Vic Dale wrote:I saw plates of that thickness in our engineers workshop and also in the Shipwright's Shop. If the plates are not big enough use two. Or take a door off and weld that in place. Take a torch and cut a plate out of an interior compartment. A structural Engineer was suggesting letting go the anchors - at what cost???
A worthy question, especially in light of Bismarck's flooding and the need to secure the bow against incursion of seawater. Reduced speed, as well (temporarily at minimum). There's a hunt on for your collective arses, your ship is damaged, and the primary task is to raise the bow. Trimming by stern is only a partial solution, and causes further reduction in speed, loss of gM, and increased waterplane area. You need to move quickly.
Which takes longer--shedding the anchors and cabling, or getting into a flooded compartment with divers and large pieces of steel, openings for which I am sure did not exist in the bulkhead(s)? Anchors were of NO benefit to anything
Bismarck needed at that time---they were useless at sea, and potential dead-weight at the time. All possible means of lightening the bow will have been considered. There can have been NO comparison with the Kriegsmarine war procedures and the Royal Navy of your day. The standards and procedures of even the RN were much different in WW2 than when you served.
Just to illustrate the range of spares a warship carries, our electrical stores carried a spare armature and field coils for every electric motor in the ship.
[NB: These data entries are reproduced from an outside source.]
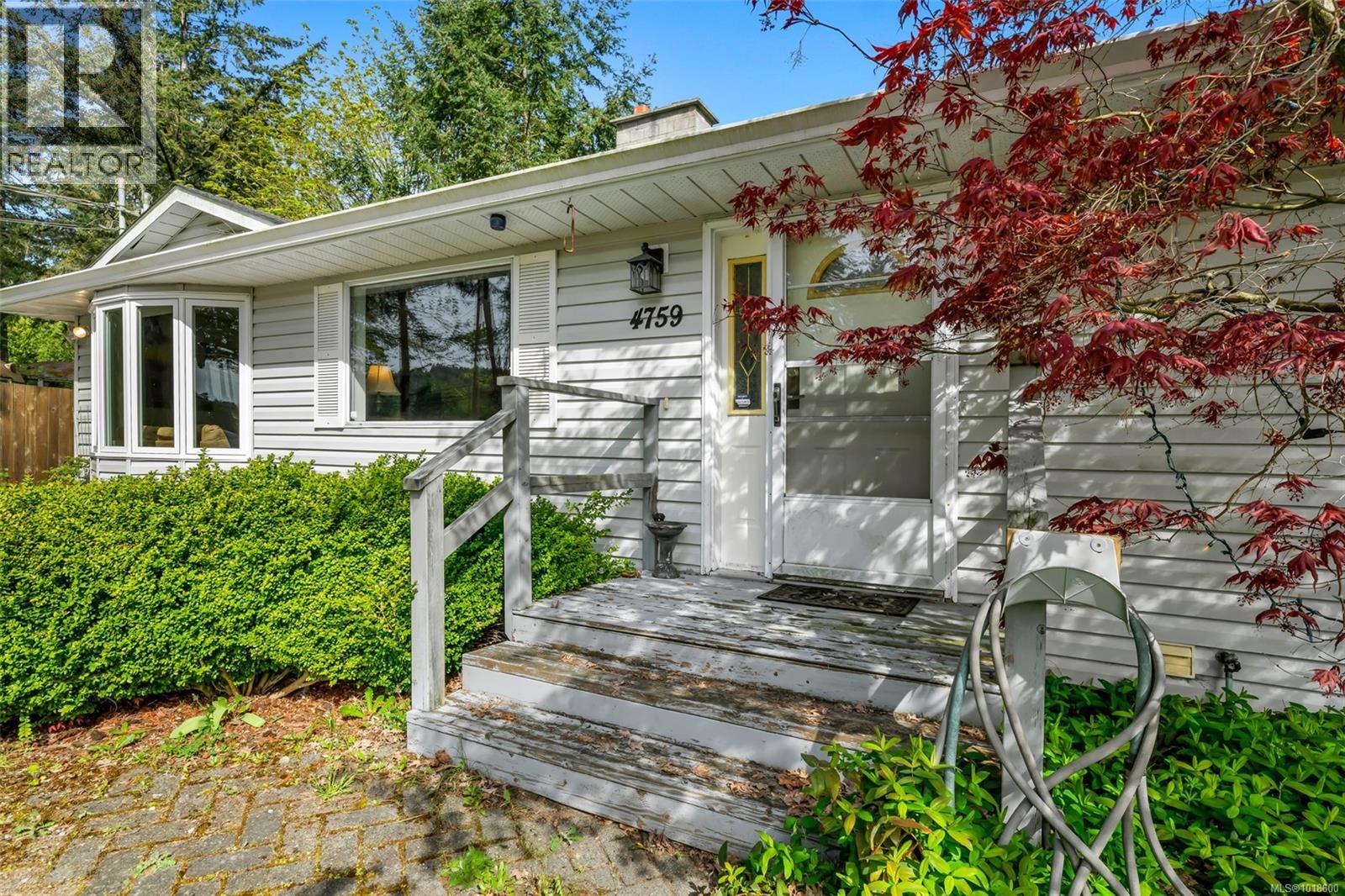 4759 Yellow Point Rd, Ladysmith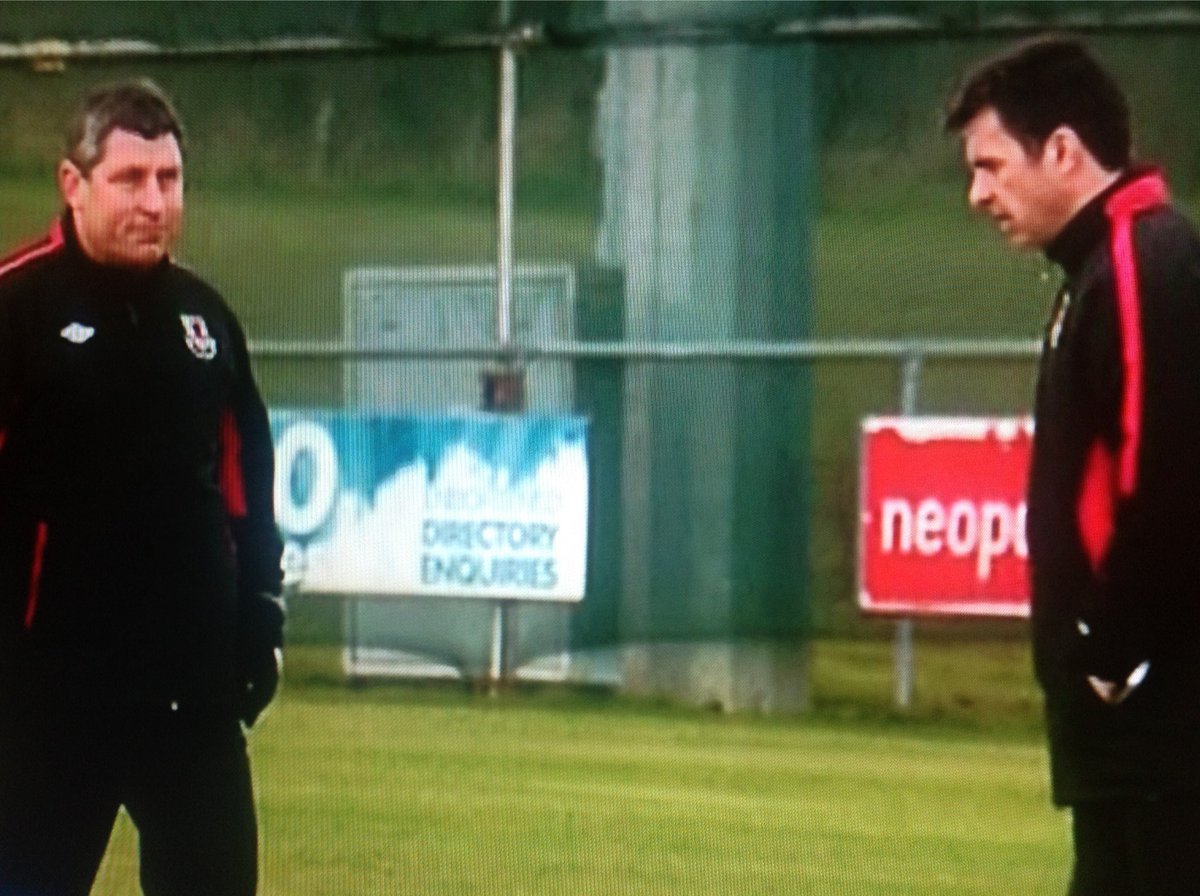 Osian_Roberts's tweet photo. Ten years on and nothing has changed…I miss him… we all miss him…but Welsh football are still seeing his incredible influence…my thoughts are with Carol, Roger, Louise &amp; the boys ❤️🏴󠁧󠁢󠁷󠁬󠁳󠁿 https://t.co/2AWLddrcBT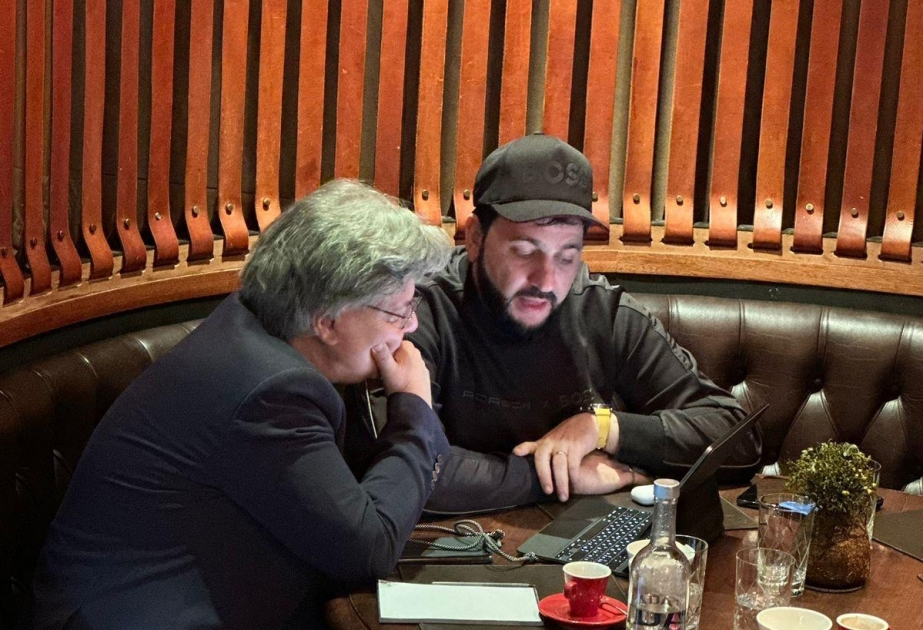 “Aida” operasının yeni tərtibatda səhnələşdirilməsi argentinalı rejissor Hüqo de Ana ilə müzakirə edilib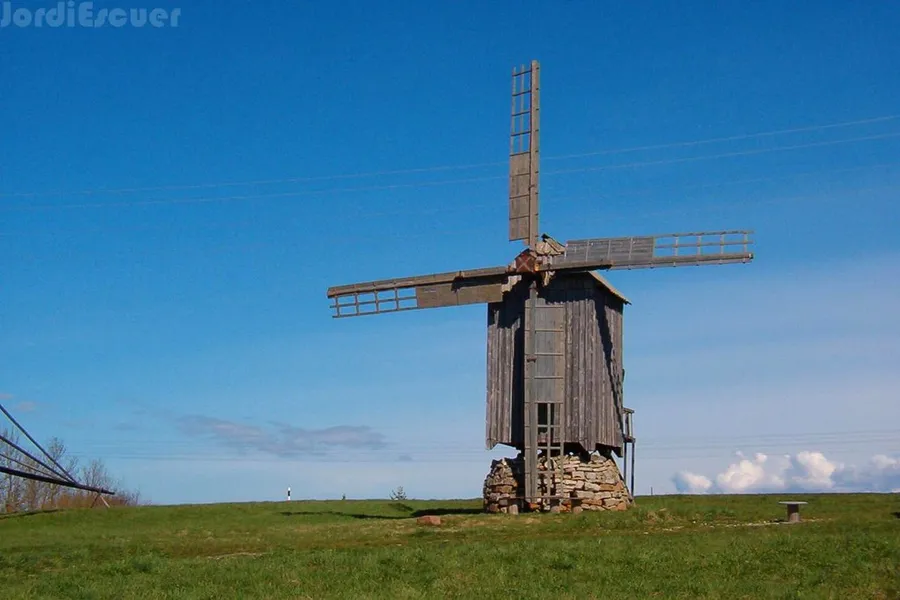 Angla Windmills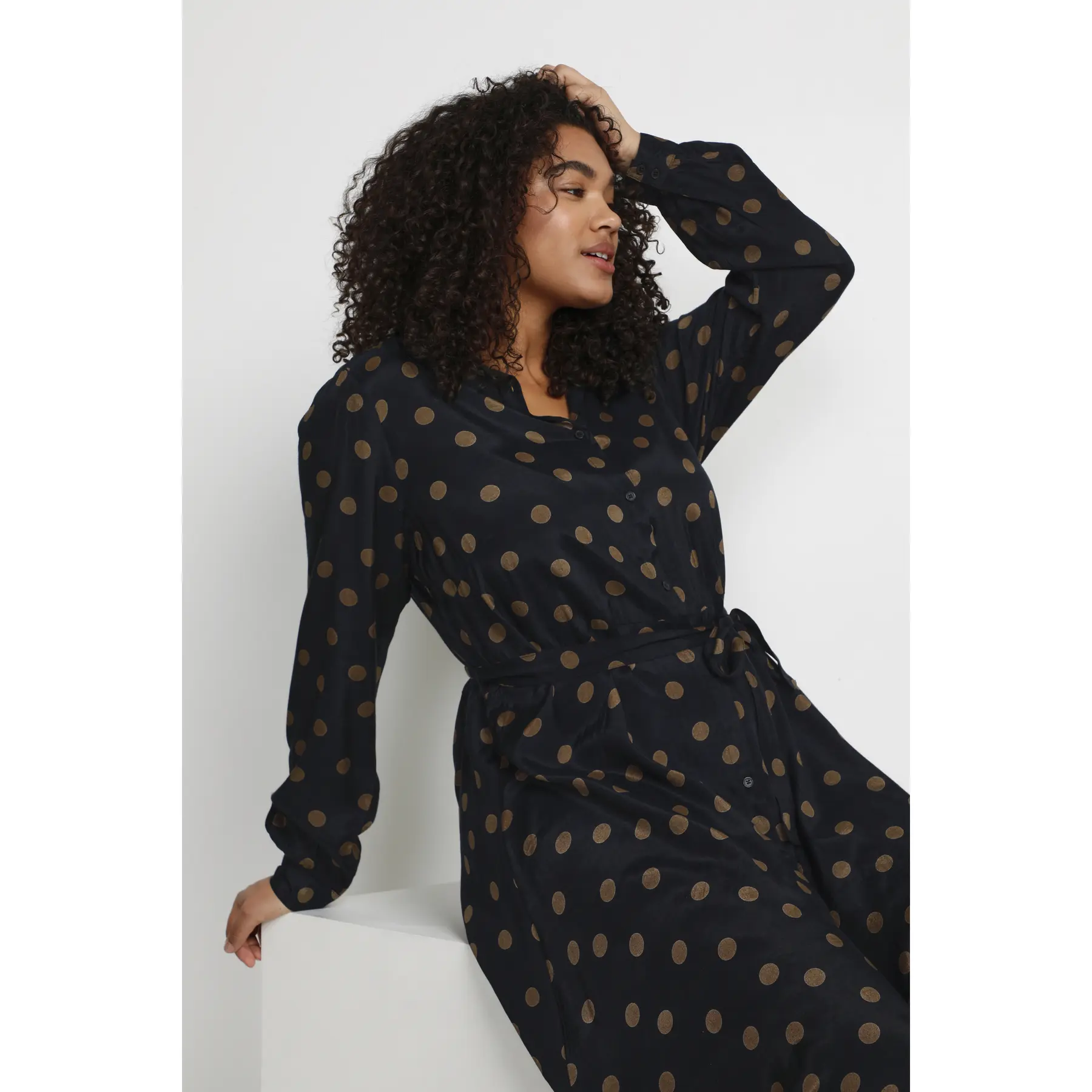 Abito a camicia da donna KAFFE Curve Olivia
We carried spare starters and breakers and electric cable by the mile. We carried cable tray, Wave Guide for the radar and a damage control cable for every possible run in the ship, each was itemised for it's location, length, amperage and the points between which it would run.
Racks and lockers full of pre-fab parts and spares for standardized, swappable components have NOTHING to do with repairing a metre-by-something-plus, irregular hull plating hole. Pure customization and a bit of jury-rig is needed. Those plates would have been hard work and very time-consuming to fabricate. Compromising the integrity of adjacent compartments by cutting bulkheads will have exposed dry areas to further flooding while the repair was being made.
My educated guess (having read something of this many years ago) is that some form of corrugated light steel was used, in conjunction with caulking and collision mats, secured by angle or C-channel stringers welded between frames. Heavy plates of comparable thickness to the original hull, particularly a flared hull and not a flat surface, manhandled by divers, while the ship was moving in a seaway---doesn't add up. Royal Navy or Kriegsmarine, damaged hulls were typically the job of YARDS and drydocking would almost certainly have been required, especially to the area on the side hit by
Victorious' aerial torpedo, causing flooding of a machinery space.
Now translate that to the engineer's and the ship wright's stores. They will have carried spares for each and every possible eventuality based upon many years of continual sea experience and war.
There is NO direct translation.
What "many years of continual sea experience and war" do you mean? The Kriegsmarine was a far more "scratch" organization than most world navies, even years after its birth in 1933. The Kriegsmarine fielded an even more inexperienced Navy than Britain when war came, particularly in its surface fleet. Germany's navy had not been to war for more than two decades, and Germany had no real surface navy to speak of until after The Third Reich had been established. Their great Z-plan was utterly deflated when Hitler sent his troops across the Polish border in 1939.
Contrast this with the RN, which had a great deal of virtual war-conditions experience throughout the years 1936-1939 (Spanish Civil War, Abyssinian crisis, Palestine troubles, China Station, etc.). The tiny Kriegsmarine was not comparable in either its size nor its sea experience as the global Royal Navy had been, even in its deteriorated state by August 1939.
Lutjens radioed Group West that the operation could not continue because he could not oil due to continual shadowing.
Continual shadowing. The perception of which, in itself, contradicts the idea of "permanent repairs" and 100% battle-worthiness being regained. It would surely contradict the nature of Lütjens' run away from the British---it seems apparent that he considered the British were still following him, and to have stopped his ship or even slowed it sufficiently to allow such hull repairs at sea, will have been a far riskier idea than dumping his bower anchors! In your own words:
"...at what cost???"
Which begs another question: Where, in your well-studied timeline and grid-square placements, does
Bismarck STOP at sea, to effect these repairs? I'd like to see a study of such an interruption in
Bismarck's forward progress--it must surely show up in the calculations of the clearly known number of hours and minutes between
Suffolk's loss of contact, and the PBY sighting west of Brest.
Many things don't add up. I'm afraid the calculus presented thus far does not provide the solution.
Let's have another look at these issues: Lütjens' ship is damaged. It leaks oil, which eventually stops. Its bow is down by a few degrees. He is pursued after the DS battle, with a sizeable hole admitting the sea to his ship's forward compartments. His speed is reduced. He needs to effect repairs. He dismisses his sidekick, Brinkmann, at a known "beginning" time; from then on, the British lose contact until the PBY regains it, at the "end" of that time. Lütjens doesn't KNOW that he has shaken the RN, however. So If his ship was repaired, then when and, more importantly, where?